CUNEO FISCALE. L’impatto sulla progressività del taglio del cuneo fiscale complessivo – evidenzia l’Upb - “è ovviamente positivo”. Tuttavia, il sistema per fasce di reddito anziché a scaglioni “altera il profilo delle aliquote marginali. La distorsione è tale da generare una trappola della povertà vicino alle due soglie di reddito oltre le quali si abbassa o viene meno lo sgravio contributivo (25mila e 35mila euro), con aliquote marginali superiori al 100 per cento”. L’aumento di un solo euro del reddito - si legge nel rapporto - “determina una diminuzione dello sconto e quindi del reddito disponibile, di circa 150 euro quando si superano i 25mila euro lordi e di circa 1.100 euro superati i 35mila euro lordi. Questo fenomeno diventerebbe estremamente rilevante se la decontribuzione dovesse diventare permanente”.

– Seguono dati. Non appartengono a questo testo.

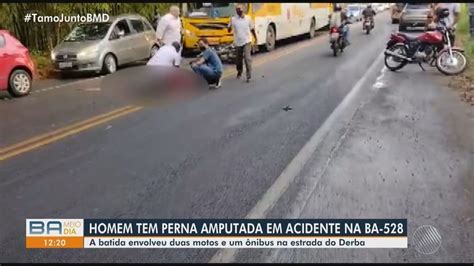 Acidente Motocicletas Deixa Feridos Graves Na BA 528 Em Salvador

IRPEF. “Nell’ultimo decennio l’Irpef è stata interessata da diversi interventi che hanno ridotto il carico fiscale spesso a scapito dell’equità del prelievo e della sua capacità redistributiva”, sottolinea l’Ufficio parlamentare di bilancio in un approfondimento contenuto nel Rapporto annuale, da cui emerge che “l’effetto negativo del drenaggio fiscale (ovvero l’incremento del prelievo per effetto dell’inflazione, ndr) nei dieci anni considerati più che compensa l’effetto positivo determinato dalle modifiche normative”. Dall’analisi condotta con il modello di micro-simulazione dell’Upb emerge che “per il complesso dei lavoratori dipendenti le modifiche normative hanno comportato una riduzione del prelievo di circa 3 punti percentuali, che viene tuttavia più che compensata dall’effetto del drenaggio fiscale, pari a circa 3,6 punti percentuali, con un saldo sul reddito disponibile negativo per circa 0,6 punti. Per i pensionati e gli autonomi entrambi gli effetti, della normativa e del drenaggio fiscale, sono di entità minore”. “A queste modifiche della struttura dell’imposta personale si è affiancata una progressiva erosione della base imponibile dell’imposta, che ha ridotto l’equità del prelievo e la sua capacità redistributiva”, evidenzia l’Upb, spiegando che “è stata sottratta alla progressività dell’Irpef una quota rilevante del reddito da lavoro autonomo, comportando una violazione del principio di equità orizzontale del prelievo, creando disparità di prelievo sia tra percettori di diverse tipologie di reddito (lavoratori autonomi e dipendenti), sia tra lavoratori autonomi”.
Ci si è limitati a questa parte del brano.